Description
This tree is a Moreton Bay Fig (Ficus macrophylla), located within the front garden of the ‘Adereham Hall’ apartment building. This tree has achieved substantial proportions and scale with the canopy extending over the roadway. It has an approximate height of 16-18m and a spread of 22-25m with a trunk diameter at 1.0m above the ground of 1.8m
Significance
The large Moreton Bay Fig (Ficus macrophylla), located within the front garden of the ‘Adereham Hall’ apartment building, makes a significant contribution to the visual and aesthetic character of this local streetscape. Similar examples of mature remnant figs can be found throughout the Elizabeth Bay precinct (refer to the adjoining Macleay Reserve and listings for 53-55, 85-91, 93 and 97 Elizabeth Bay Road in this Register). This specimen is now contained within a very small parcel of private open space, but remains as a significant historic element from this earlier phase of development.
Historical notes
This fig is likely to be a remnant of the once extensive gardens of Alexander and Eliza Macleay’s Elizabeth Bay House estate.
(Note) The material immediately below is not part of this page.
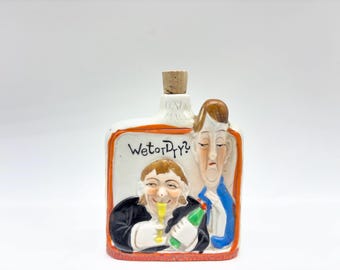 Borraccia in ceramica vintage "Bagnato o asciutto?", stile Schafer & Vater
If not directly part of the Macleay planting it is certainly from a similar era and is clearly evident as a mature tree in 1943 aerial photos. It is likely to have been planted at the same time as similar planting of other Moreton Bay Figs in nearby Macleay Reserve.
This large growing species was used as a major landscape element throughout much of the nineteenth century and remains an important and defining landscape element in the Elizabeth Bay harbour-side precinct. The magnificent scale and broad dense evergreen canopies of these figs were ideally suited to grand garden schemes.